» INFORMATION SUPPLIED
* * *

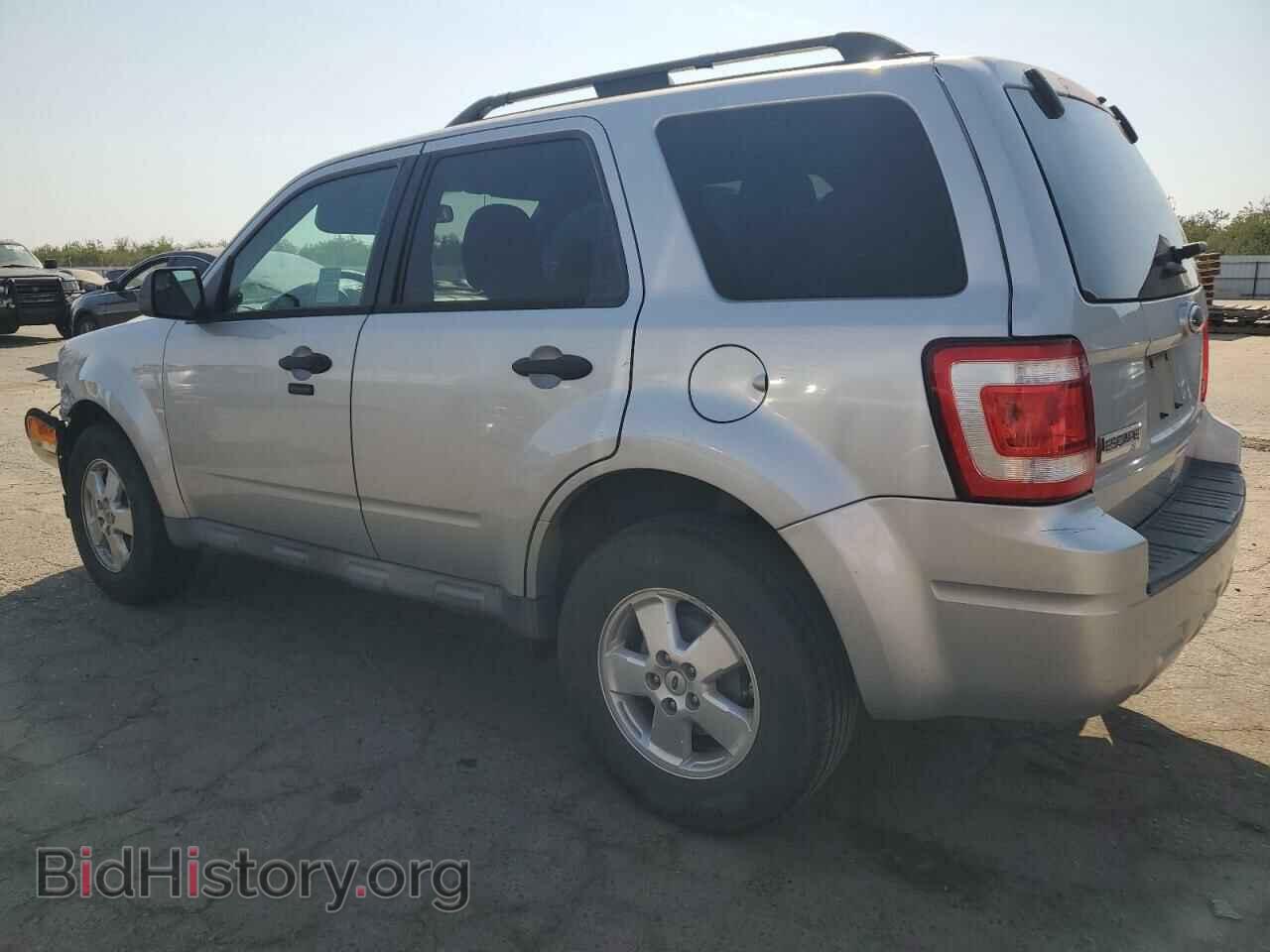 2011 FORD ESCAPE - VIN: 1FMCU0DG6BKC64500 - Фото 2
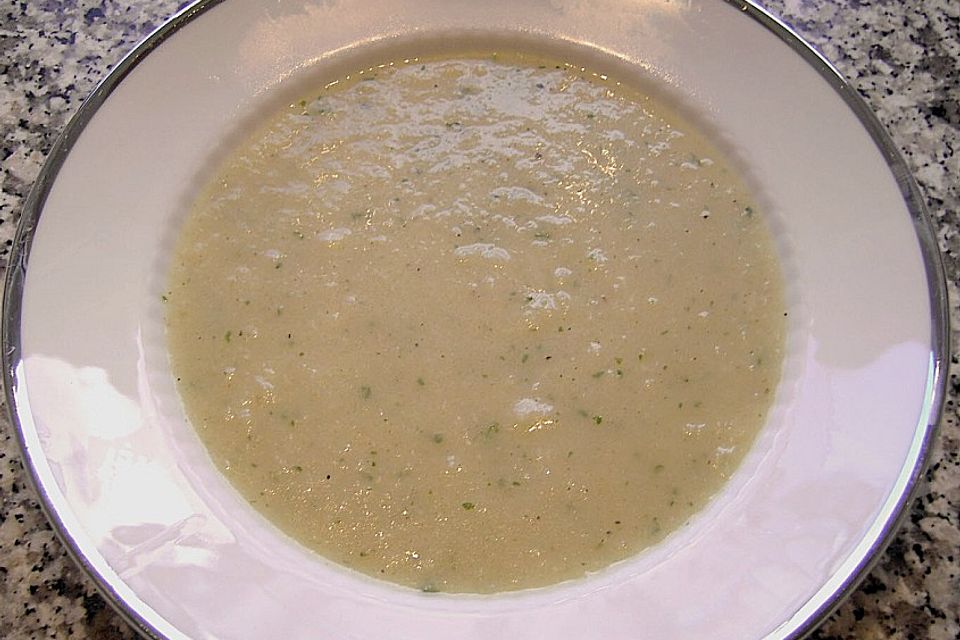 Böhmische Selleriesuppe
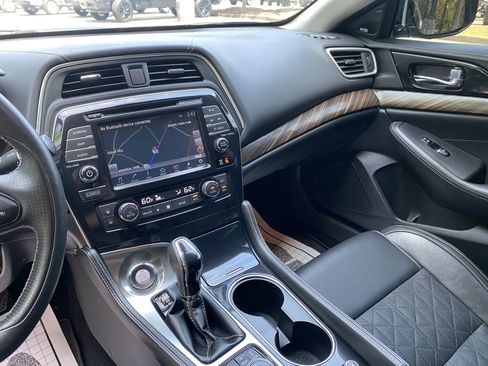 Used 2018 Nissan Maxima Platinum FWD image 23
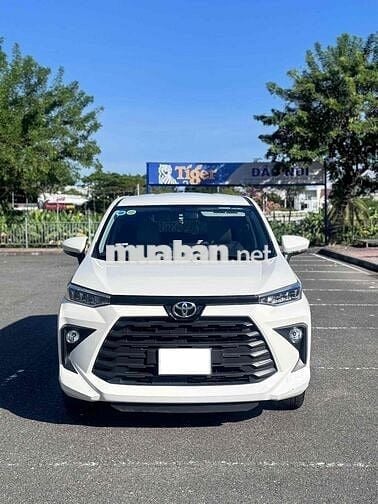Toyota Avanza Premio 2022 CVT Tự Động Lướt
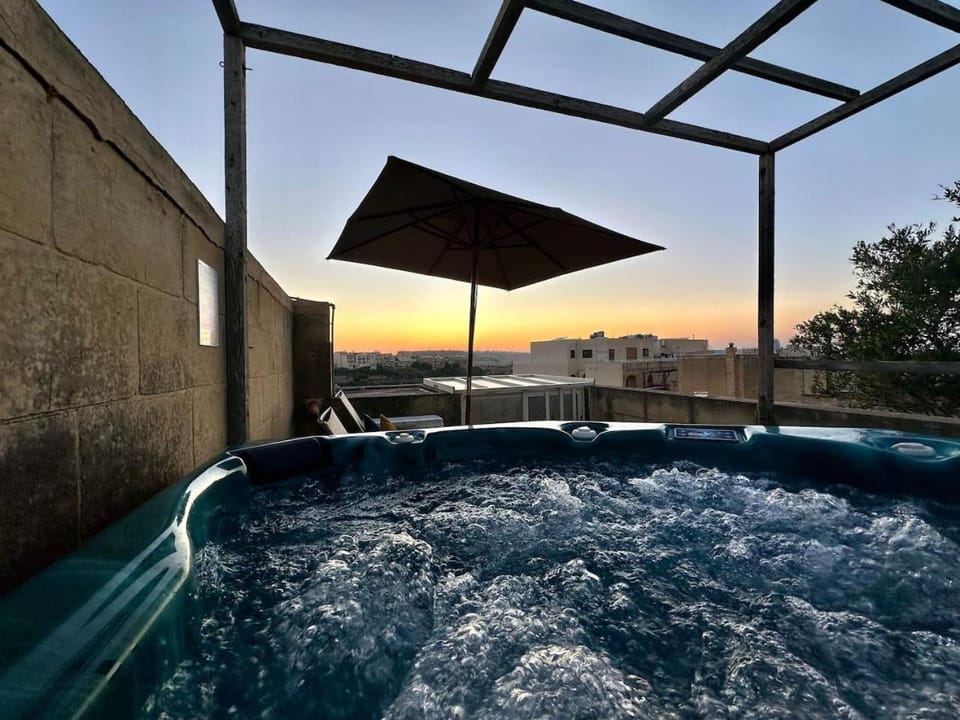 Natural landscape, Hot Tub, Pool view, Sunset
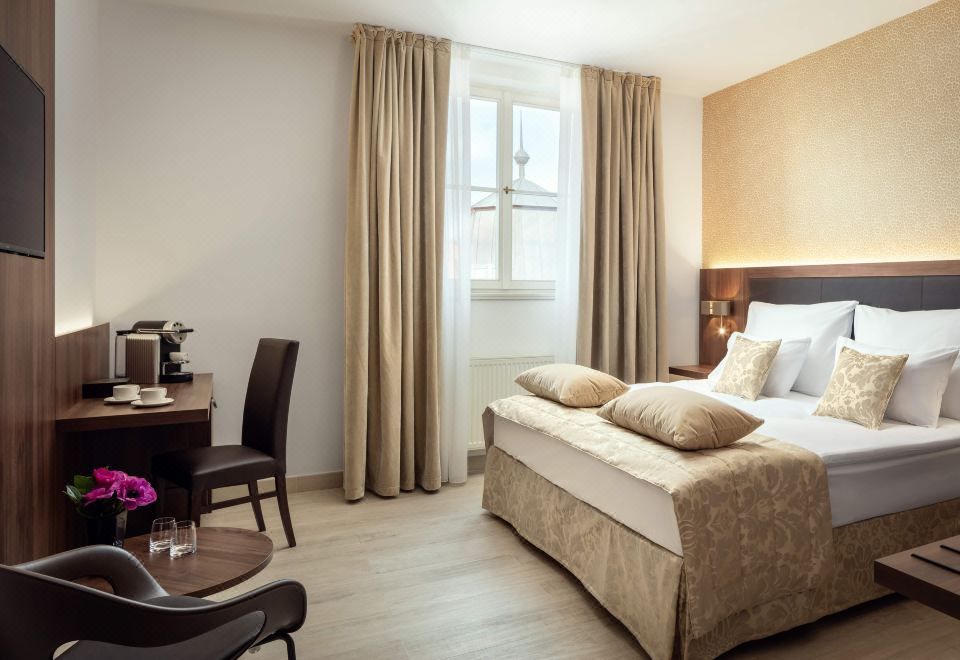 Michelangelo Grand HotelOver view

* * *

» TASK BRIEF
Reproduce all the data as it stands. The pictures are not part of the copy.

» RESPONSE
 2011 FORD ESCAPE - VIN: 1FMCU0DG6BKC64500 - Фото 2
 Böhmische Selleriesuppe
 Used 2018 Nissan Maxima Platinum FWD image 23
Toyota Avanza Premio 2022 CVT Tự Động Lướt
 Natural landscape, Hot Tub, Pool view, Sunset
 Michelangelo Grand HotelOver view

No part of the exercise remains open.